> _Exercise instructions_:
The records that follow are to be copied word for word. Pictures should be omitted.
▬▬▬▬▬▬
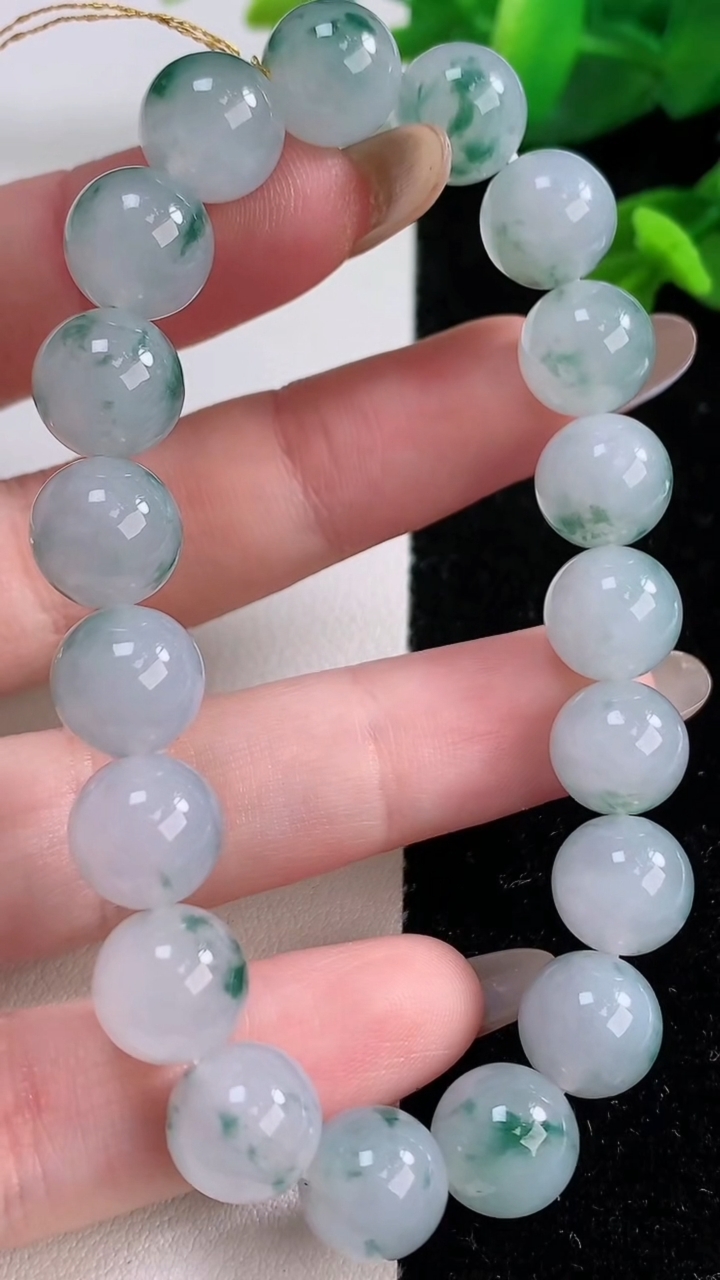 天然A货翡翠种飘花圆珠手串，尺寸9.8-19颗，重量:32.69g11月18日
工厂直销收藏佳品,种好水足，色泽均匀，有种有色，上手高大气！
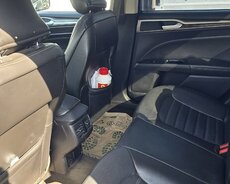 Ford Fusion, 2016 il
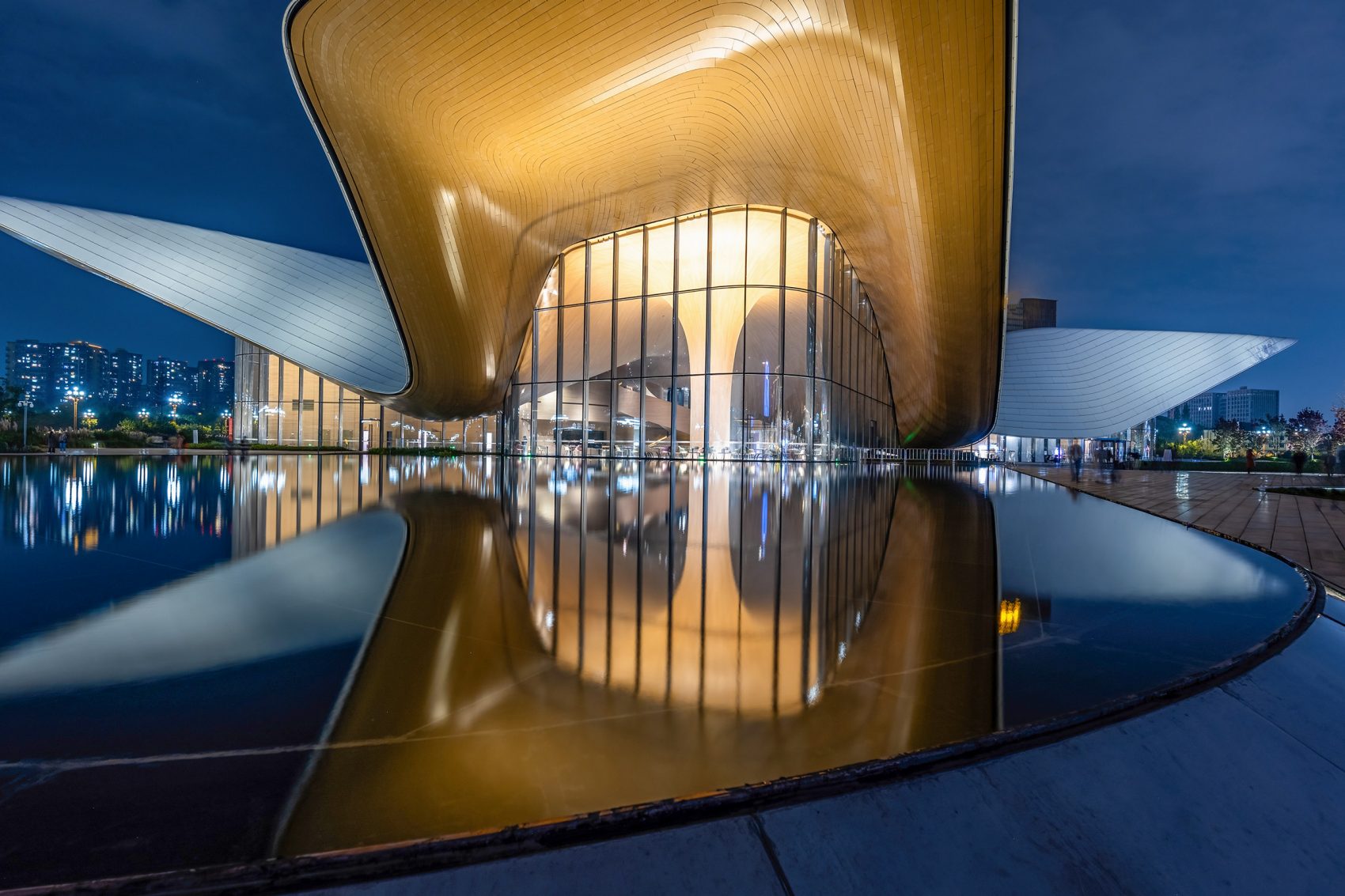 The Tianfu Art Centre is Chengdu’s modern art musum. 
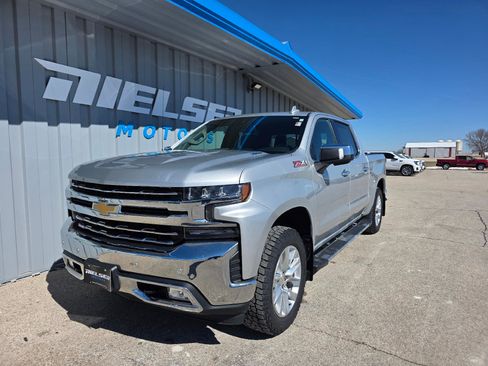 Used 2021 Chevrolet Silverado 1500 LTZ image 2
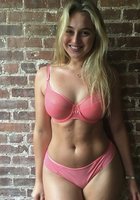 Полненькие девушки с мясистыми попками и сиськами в нижнем белье 8 фото Полненькие девушки с мясистыми попками и сиськами в нижнем белье 8 фото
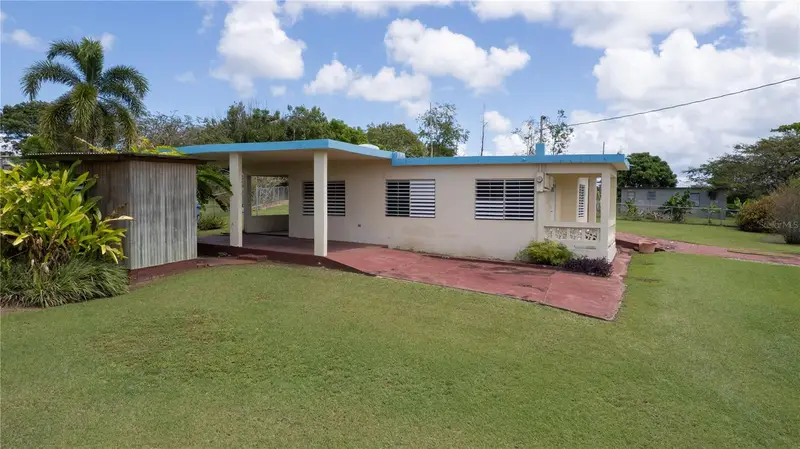 195 Calle Almendro, PR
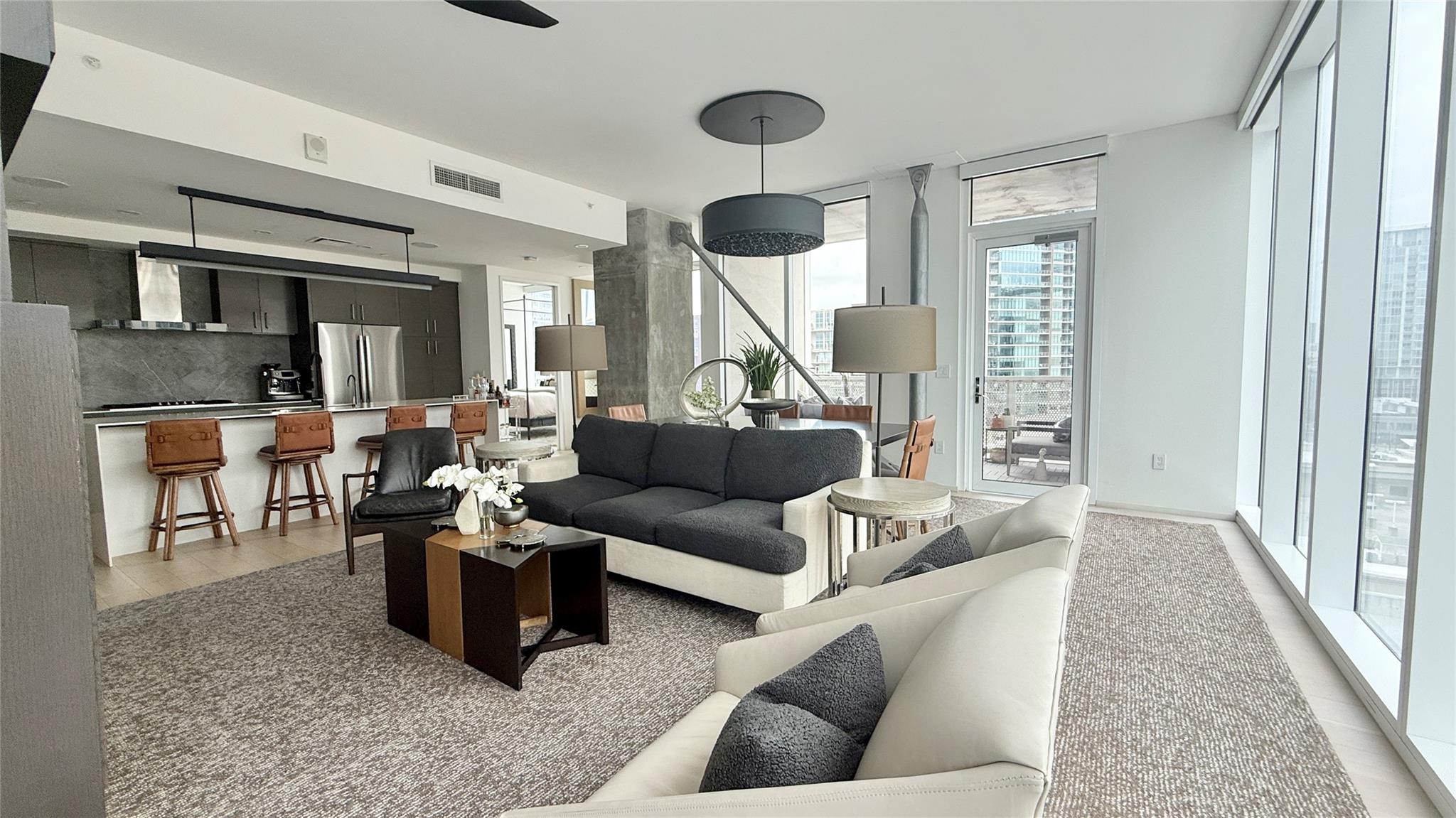 301 West Ave # 1004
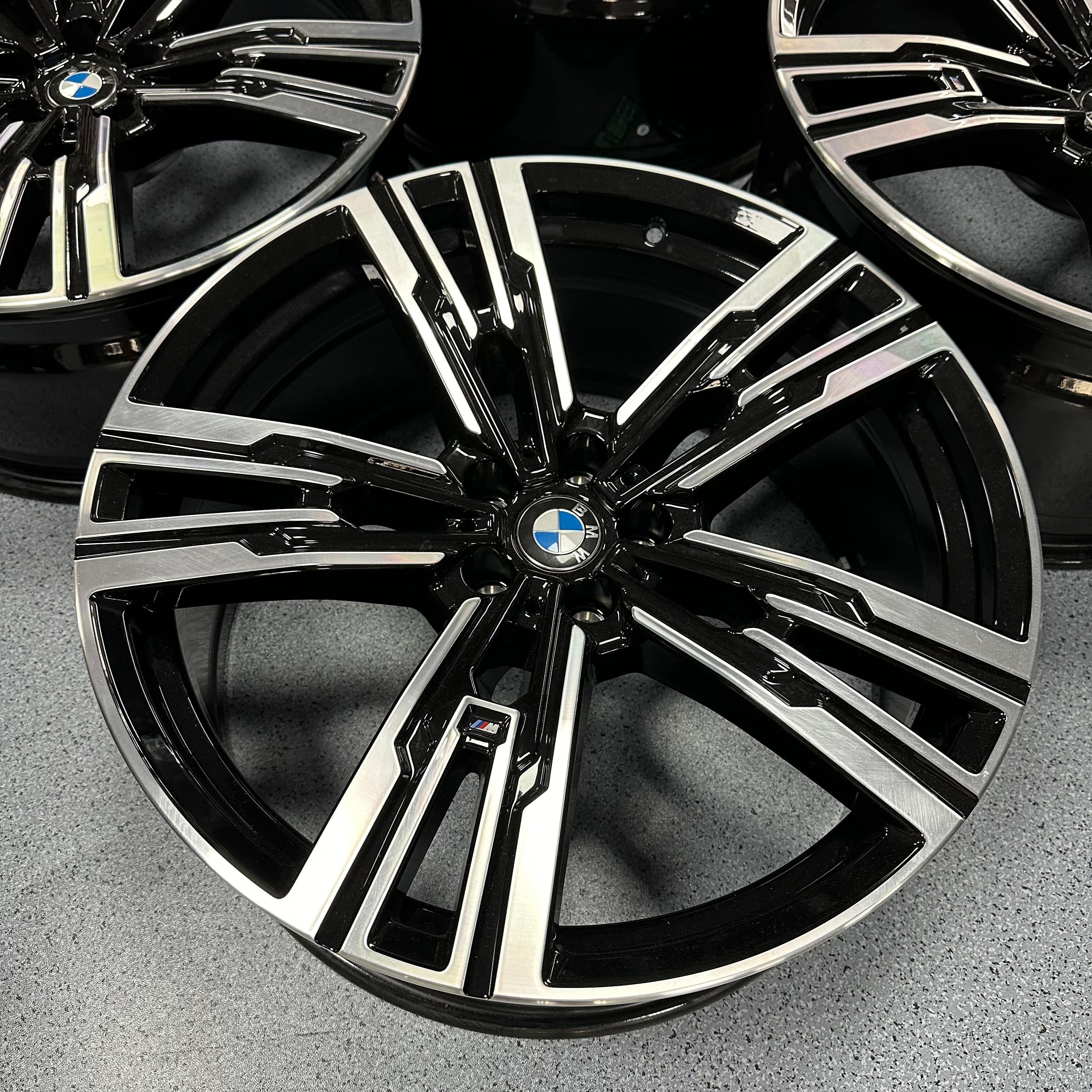 BMW 7 Series 908M 21 inch original wheels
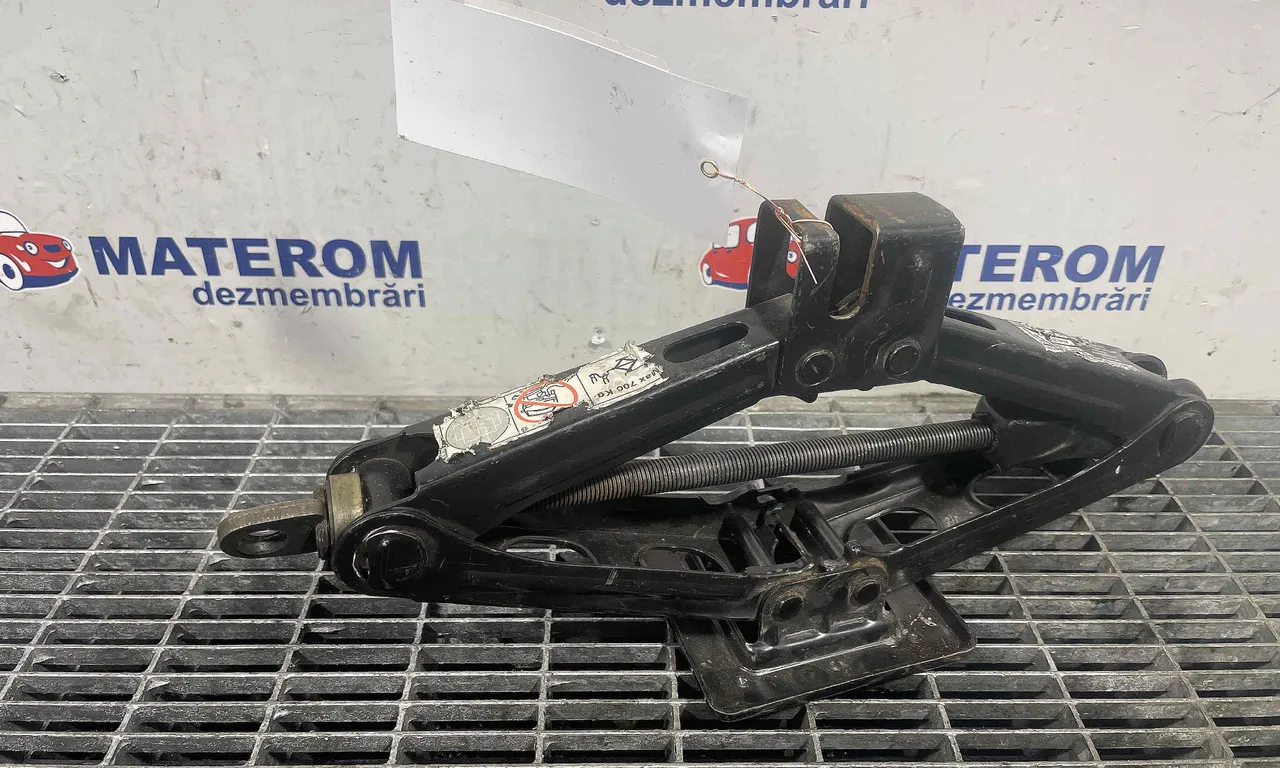 CRIC AUTO FIAT PUNTO 2000-2010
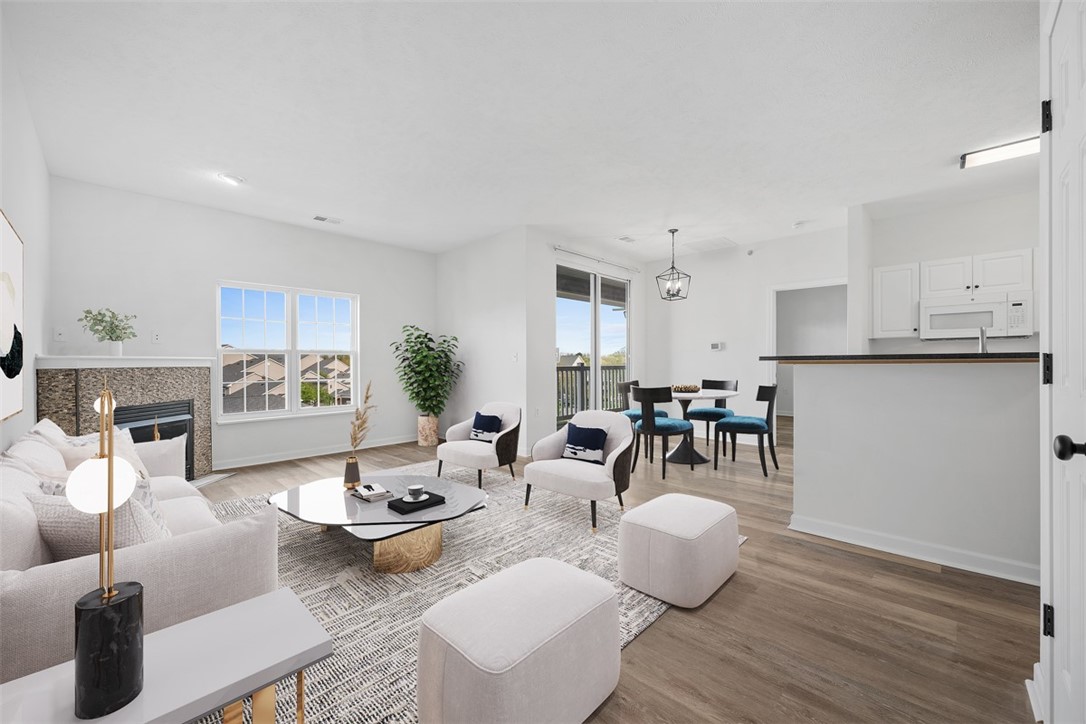 807 Stockton Ridge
▬▬▬▬▬▬
> _Reply to the exercise_:
 天然A货翡翠种飘花圆珠手串，尺寸9.8-19颗，重量:32.69g11月18日
工厂直销收藏佳品,种好水足，色泽均匀，有种有色，上手高大气！
 Ford Fusion, 2016 il
 The Tianfu Art Centre is Chengdu’s modern art musum. 
 Used 2021 Chevrolet Silverado 1500 LTZ image 2
 Полненькие девушки с мясистыми попками и сиськами в нижнем белье 8 фото Полненькие девушки с мясистыми попками и сиськами в нижнем белье 8 фото
 195 Calle Almendro, PR
 301 West Ave # 1004
 BMW 7 Series 908M 21 inch original wheels
 CRIC AUTO FIAT PUNTO 2000-2010
 807 Stockton Ridge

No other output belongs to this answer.